# Critical Care



## Colliemom (Jan 3, 2012)

When performing Critical Care on the same day as an inpatient consultation, do you bill both the consultation and the critical care codes?  (I have my own opinion on this, but my manager wants me to see what other practices do in this scenario)


----------



## btadlock1 (Jan 3, 2012)

Colliemom said:


> When performing Critical Care on the same day as an inpatient consultation, do you bill both the consultation and the critical care codes?  (I have my own opinion on this, but my manager wants me to see what other practices do in this scenario)



Critical care is its own thing, and can be reported separately. The usual site of service hierarchy, doesn't apply.

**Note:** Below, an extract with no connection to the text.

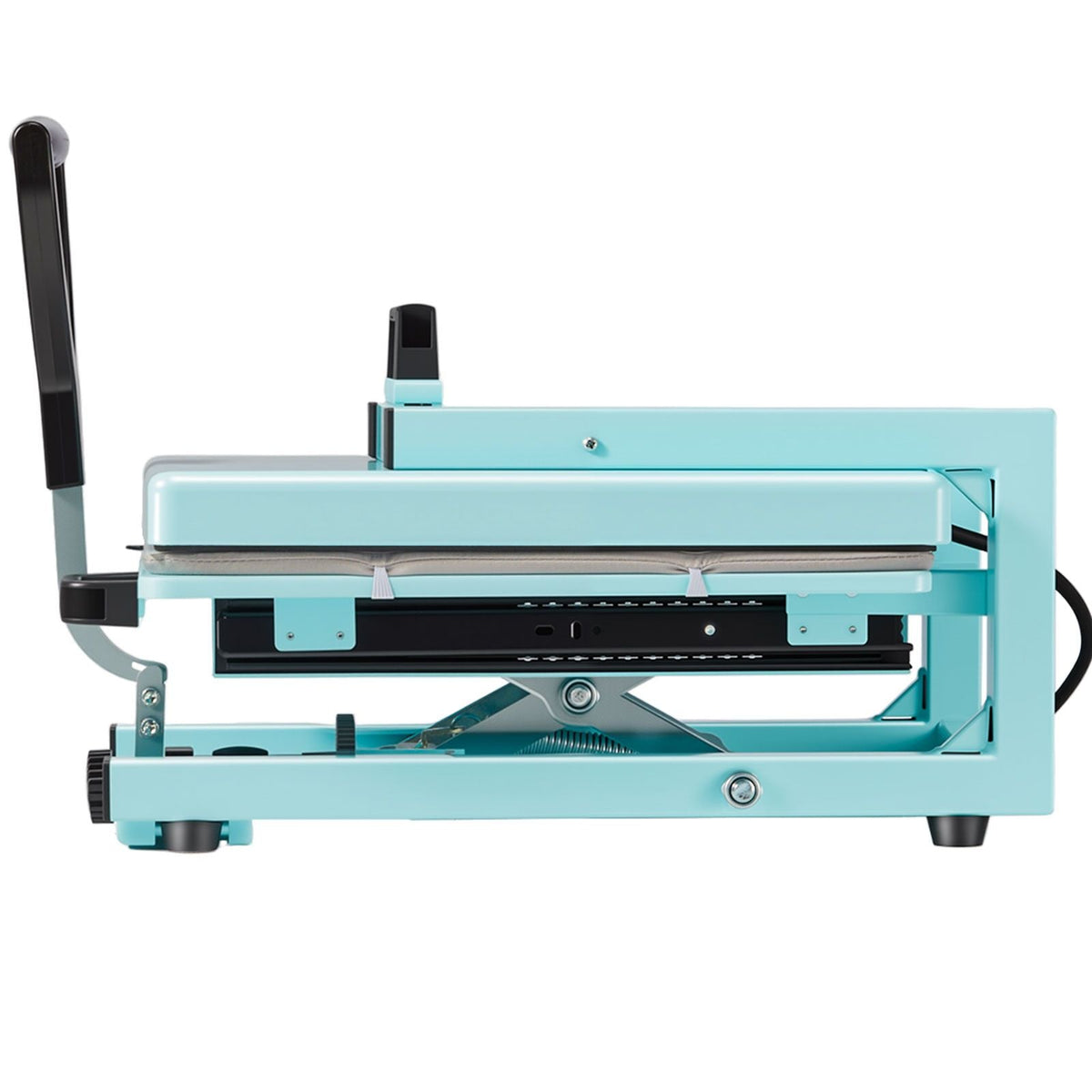 Hybrid Heat Press, 15 x 15 inch, 8-in-1 Multifunction, Heat Up Fast and Even, All-New Patented Design, Easy to Control, Sublimation Press Machine for T-shirts/Tumblers/Caps/Plates, Light Green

Per CPT guidelines, "Critical care and other E/M services may be provided to the same patient on the same date by the same physician." (page 21)


----------



## alincoln (Jan 3, 2012)

Colliemom said:


> When performing Critical Care on the same day as an inpatient consultation, do you bill both the consultation and the critical care codes?  (I have my own opinion on this, but my manager wants me to see what other practices do in this scenario)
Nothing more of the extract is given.